## Your goal
Reproduce the listing below word for word, with no pictures.

## Data below
- - - -

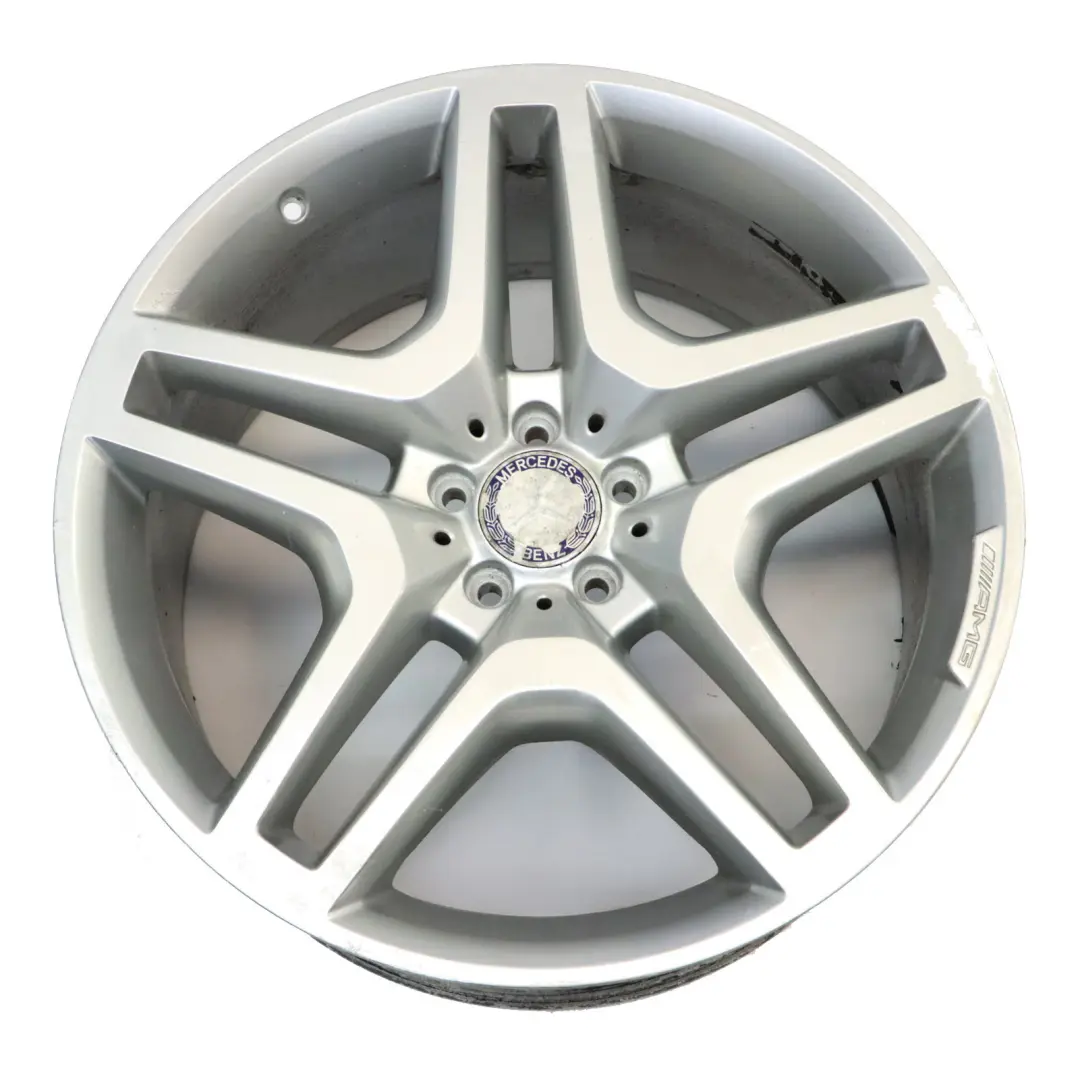 Silberne Alufelge 21" Sternspeiche 10J ET:46 für Mercedes ML W166 AMG mit Teilenummer A1664012502 Mercedes ML W166 AMG Silberne Alufelge 21" Sternspeiche 10J ET:46 - SKU A1664012502-1 - Teilenummer A1664012502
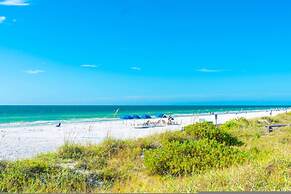 Villa Azule - Waterfront Luxury Home - Walk to Indian Rocks Beach FL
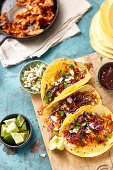 Tacos with pulled chicken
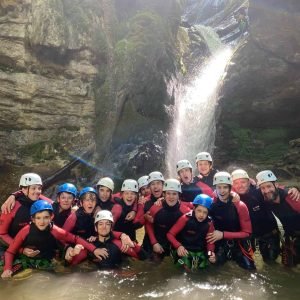 Groupe de canyoning en sortie près de Lyon avec casques et gilets.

- - - -

## Answer below
 Silberne Alufelge 21" Sternspeiche 10J ET:46 für Mercedes ML W166 AMG mit Teilenummer A1664012502 Mercedes ML W166 AMG Silberne Alufelge 21" Sternspeiche 10J ET:46 - SKU A1664012502-1 - Teilenummer A1664012502
 Villa Azule - Waterfront Luxury Home - Walk to Indian Rocks Beach FL
 Tacos with pulled chicken
 Groupe de canyoning en sortie près de Lyon avec casques et gilets.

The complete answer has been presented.